As I have mentioned in a different "Field Note", when I was a student in one of my last semesters at University I took a course on conformity. Conformity plays an important social psychological role in defining the way we see the "reality" of everyday life and the sense of reality in our dreams. As it turned out, while we (the group of twelve students signed up for the class) were performing conformity experiments with students we recruited from the University, our supervisors were conducting conformity experiments (unbeknownst to us) on us. The three supervisor's unethical experiments were denuded, and they did not even have a "debriefing protocol" in case they were found out! Remember we are talking 1983. 

In everyday life we usually experience the fear of punishment of consequences which usually deters us from risking socially deviant behaviour. While dreaming, these social conformity pressures have an influence on our "attitudes" and can express themselves negatively, or as in the case below can give way to an exhilarating feeling of freedom and having free will

Here is the dream; 

Jesse, 19 North American Student 

I was walking down a street that was unfamiliar to me. A very beautiful neighborhood, the sun was shining and the birds were singing. I began to walk down the road and came to a small intersection. There were no cars in the road. This place almost seemed to be a ghost town. Next, I looked up and I noticed there were people. A lady passed right by me like she did not even notice me. She was dressed old fashioned, like the 1930's. I remember her bonnet. She was pushing a baby buggy. I looked down at my clothes and I noticed that I was dressed normally, a pair of jeans and a T-shirt. I noticed a couple sitting at a little deli-restaurant.

They were sitting outside on the patio enjoying lunch. I sat down next to them at the table. I got very excited because they could not see me. This is when I realized that I was dreaming. I figured that I could do anything that I wanted and not have to deal with any consequences. That is when I picked up the couple's wine bottle and smashed it up against the old building. No one looked at me. I started running down the street screaming and yelling out of pure excitement. I have always heard about people who knew they were dreaming and could control it and I was actually doing it. I could not change my location, only my actions. 

Mr Hagen's Reply; Lucid Dreaming -or- Virtual Reality and Degrees of Freedom 

Some of the aspects of your dream would require personal associations. There are some general observations that can be made, this is what's called a "lucid dream". You have made the realization that you are free in your dreams, with none of the consequences that would result in everyday waking reality. No one will look at you or punish you for your deeds. Therefore you feel free, and this is the whole point of your dream. You are free of what has been called "consensus reality". 

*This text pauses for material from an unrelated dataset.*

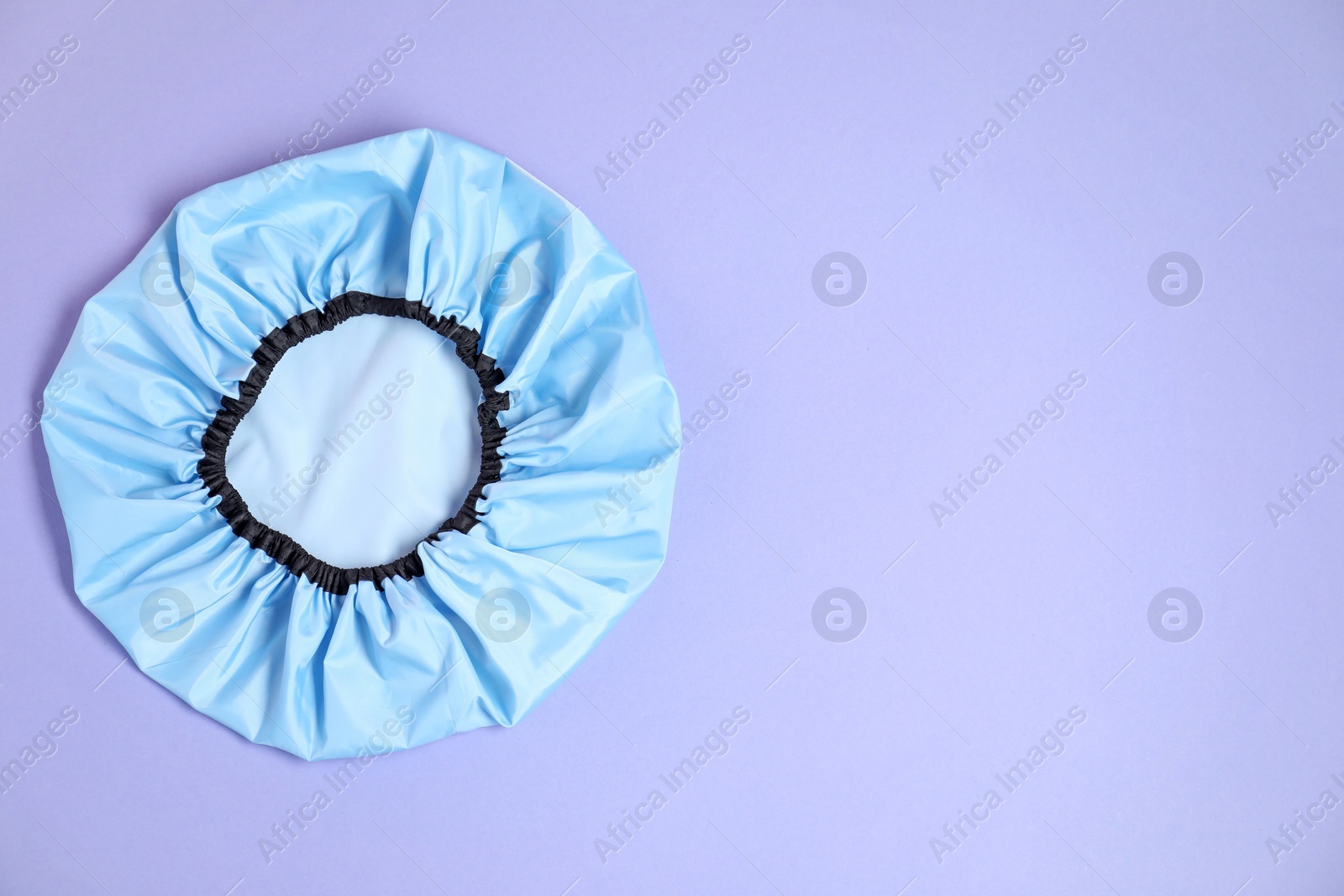 Photo of One shower cap on lilac background, top view. Space for text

One of the most important psychological functions of the mind is "reality testing", in your dream you realize that you are in a dream, which is a creation and "virtual reality" (or simulation) construct created by your mind. You realize that in your own mind that you are free. Although we are never completely free, already as a student, I had a clear understanding of the mechanical concept of "degrees of freedom". This idea is illustrated in your dream; "I could not change my location, only my actions." 

In everyday life and social reality, the way that you are perceived in others' eyes reinforces your behavioural conformity. Said differently, others act as mirrors, they provide "mirroring" psychological feedback for your own thoughts, feelings and behaviour about yourself. What you have discovered is what Charles Cooley called "The Looking Glass Self". If you went running down the street screaming in waking reality, people would look at you and most likely think that you had lost your mind. That is one of the reasons why you don't do it. You are afraid, as most of us are, of what other people would think. So this is why we usually conform to the norms of "visual culture" and the socially constructed consensus reality of everyday life. 

The film "The Matrix" deals with the issues of the social constructionist view of reality, as does the film "Inception" and our conformity to it. In the classic scene in "The Matrix", Neo (Mr Anderson) listens to his boss tell him; "You have a problem with authority, Mr. Anderson. You believe you are special, that somehow the rules do not apply to you. Obviously, you are mistaken."